Premier Węgier Viktor Orbán oświadczył, że część Ukrainy to “starożytna ziemia węgierska”. Jak dodał, z tego powodu Budapeszt jest szczególnie zainteresowany zakończeniem wojny.

Orbán powiedział w piątkowym wywiadzie dla Radia Kossuth, że w interesie Węgier leży “dobrze funkcjonująca i odnosząca sukcesy Ukraina”, a mieszkający tam etniczni Węgrzy jeszcze bardziej motywują Budapeszt do pragnienia pokoju. Wyraził opinię, że część Ukrainy to „starożytna węgierska ziemia, która obecnie należy do Ukrainy”, a etniczni Węgrzy żyją tam jako rdzenna społeczność.

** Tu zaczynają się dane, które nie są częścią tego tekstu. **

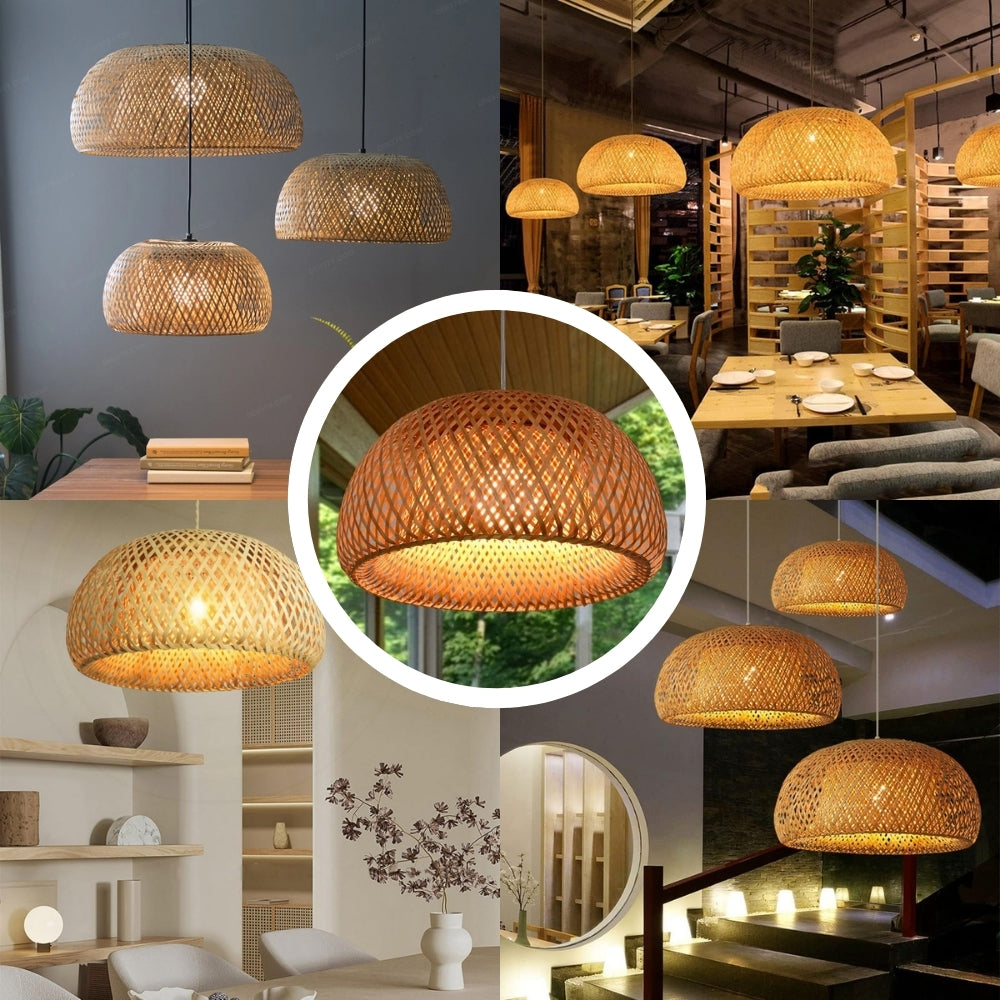 hand woven bamboo hat pendant light for room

Podkreślił, że cierpienie Ukrainy jest także cierpieniem mieszkających tam etnicznych Węgrów.

Wyraził opinię, że Węgrzy są zmotywowani, “bardziej niż jakikolwiek inny naród w Europie”, by dążyć pokoju i szukać sposobów zakończenia wojny.

W lutym premier Węgier, Viktor Orbán, wygłosił w Budapeszcie orędzie do narodu. Dotyczyło ono w dużym stopniu wojny rosyjsko-ukraińskiej.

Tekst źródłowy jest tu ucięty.